◆ **Dataset extract**:
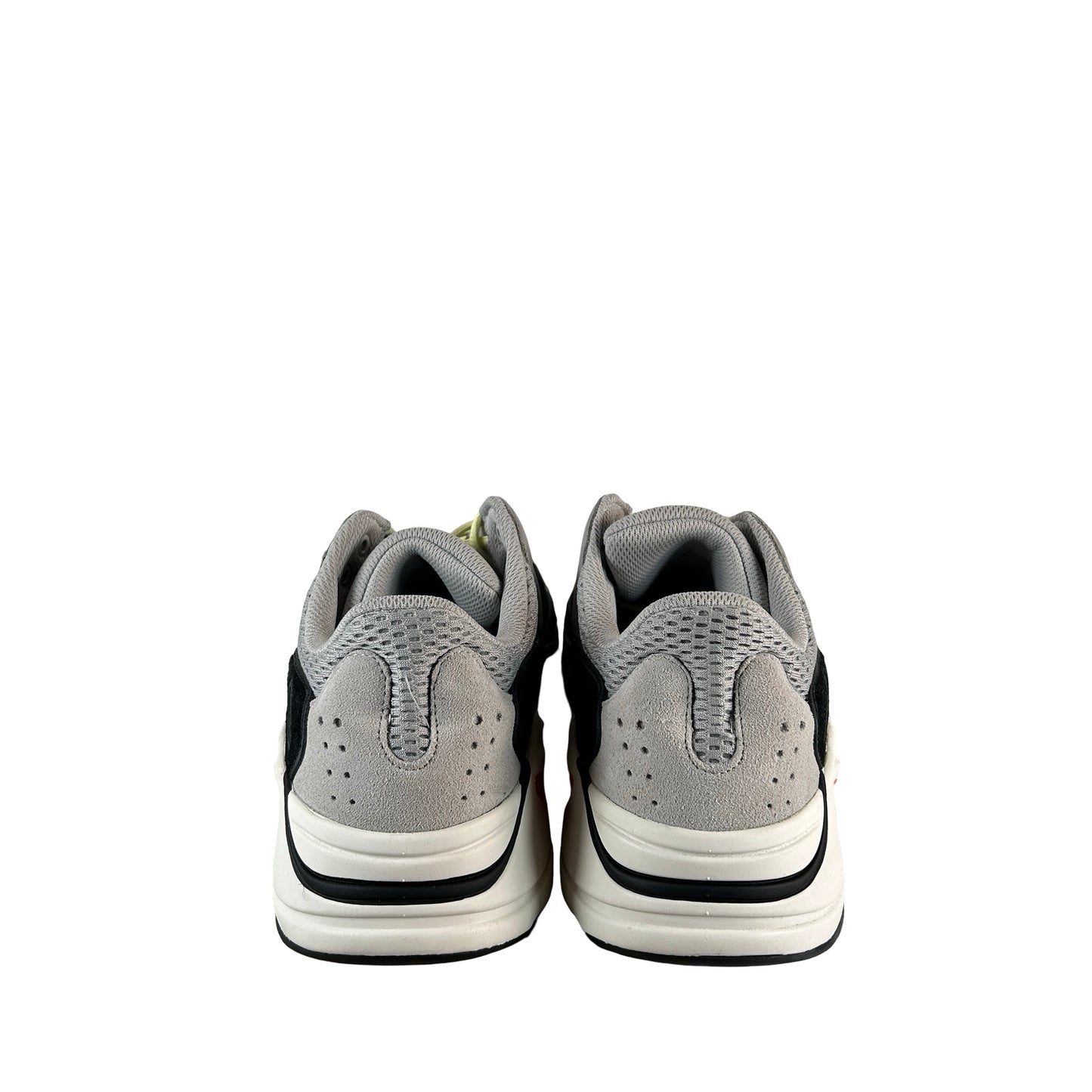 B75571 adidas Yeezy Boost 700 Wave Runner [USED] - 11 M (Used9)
* * *
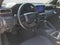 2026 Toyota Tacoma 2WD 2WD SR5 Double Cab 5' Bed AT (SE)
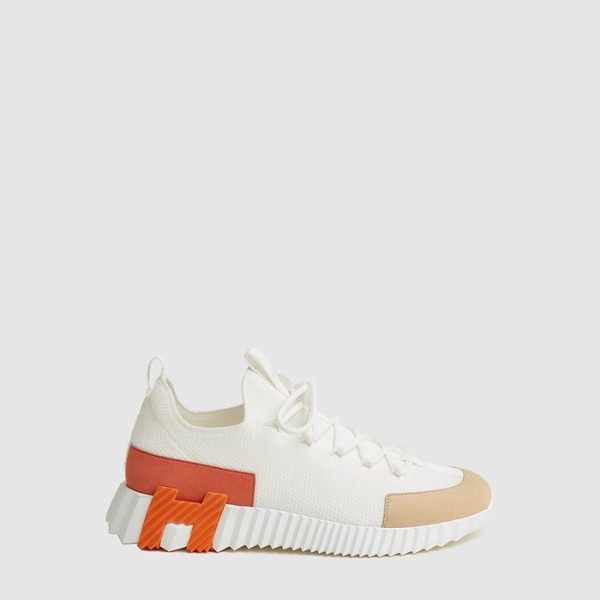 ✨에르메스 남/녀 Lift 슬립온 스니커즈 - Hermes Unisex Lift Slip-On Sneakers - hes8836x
...
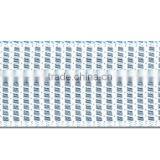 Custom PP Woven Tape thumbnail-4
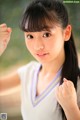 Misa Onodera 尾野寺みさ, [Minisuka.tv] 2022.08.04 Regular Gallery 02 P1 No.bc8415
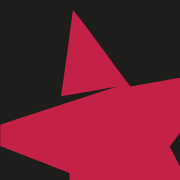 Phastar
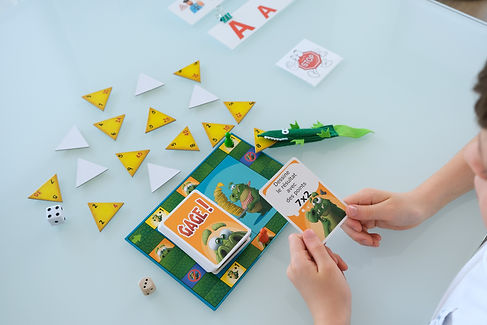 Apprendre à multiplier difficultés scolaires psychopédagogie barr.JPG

◆ **Try it**: Using the data above, retype exactly the lines from the line with "Custom PP Woven Tape thumbnail-4" to the line with "Apprendre à multiplier", inclusive. No pictures and nothing else.

◆ **Answer for this exercise**:
 Custom PP Woven Tape thumbnail-4
 Misa Onodera 尾野寺みさ, [Minisuka.tv] 2022.08.04 Regular Gallery 02 P1 No.bc8415
 Phastar
 Apprendre à multiplier difficultés scolaires psychopédagogie barr.JPG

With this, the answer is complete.